* _WHAT YOU NEED TO DO_:
All of the records below are to be given again word for word, with the pictures removed.

* _SOURCE DATA_:
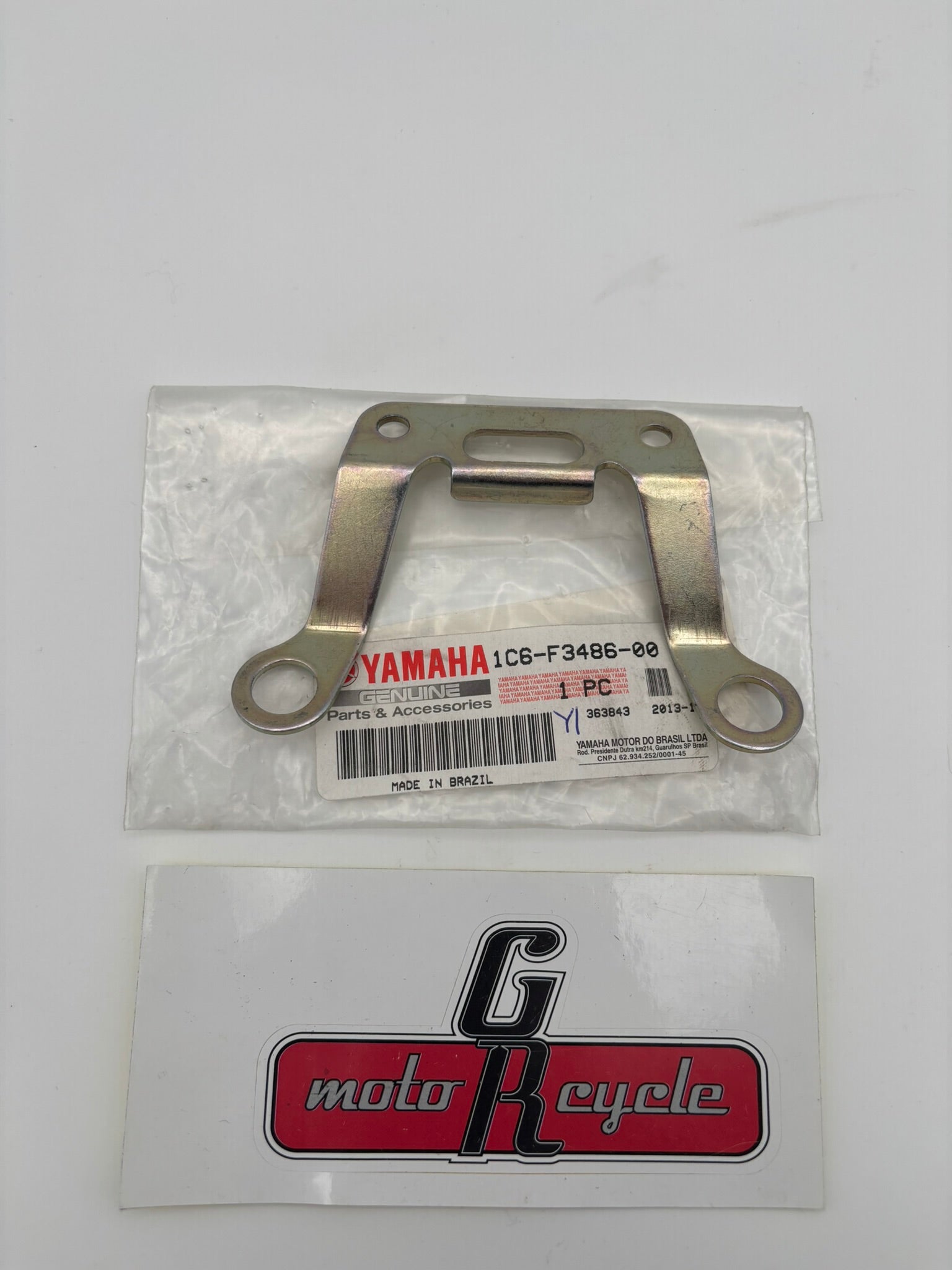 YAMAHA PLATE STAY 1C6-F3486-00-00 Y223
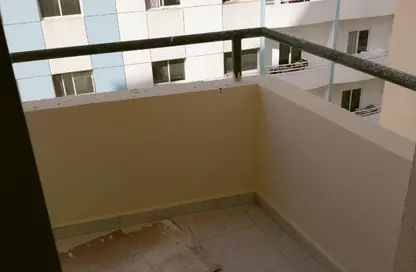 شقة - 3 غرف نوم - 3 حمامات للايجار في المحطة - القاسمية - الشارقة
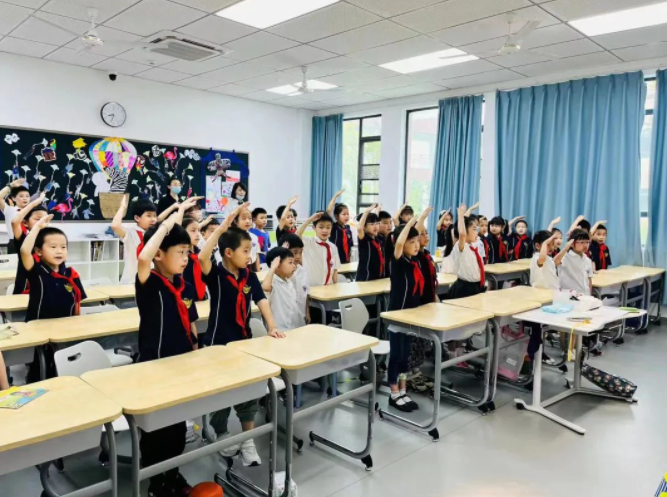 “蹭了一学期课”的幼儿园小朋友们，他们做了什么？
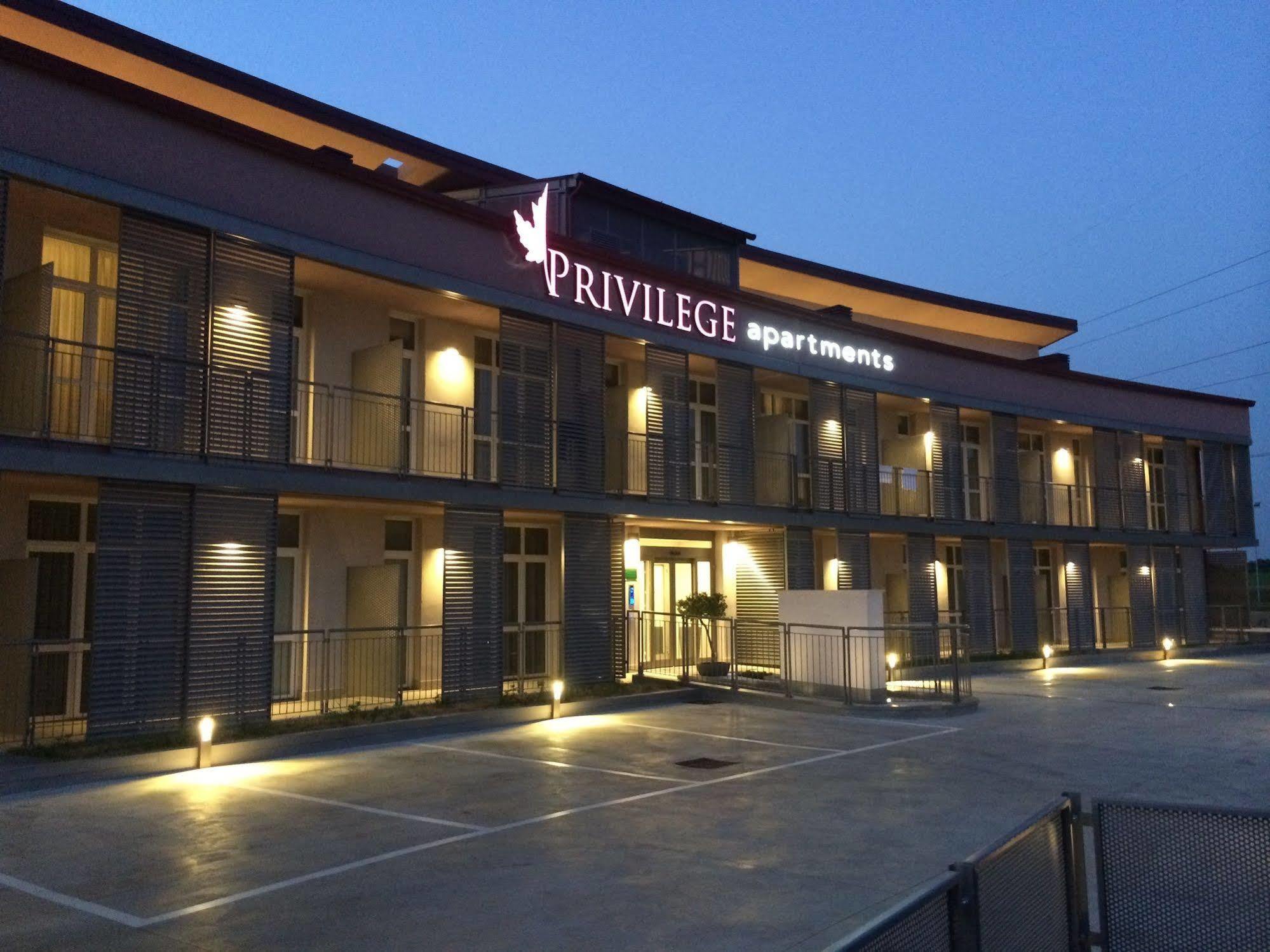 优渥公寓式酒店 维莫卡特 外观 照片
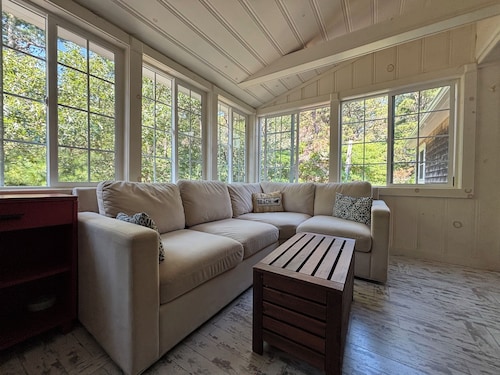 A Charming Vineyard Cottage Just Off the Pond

* _TASK SOLUTION_:
 YAMAHA PLATE STAY 1C6-F3486-00-00 Y223
 شقة - 3 غرف نوم - 3 حمامات للايجار في المحطة - القاسمية - الشارقة
 “蹭了一学期课”的幼儿园小朋友们，他们做了什么？
 优渥公寓式酒店 维莫卡特 外观 照片
 A Charming Vineyard Cottage Just Off the Pond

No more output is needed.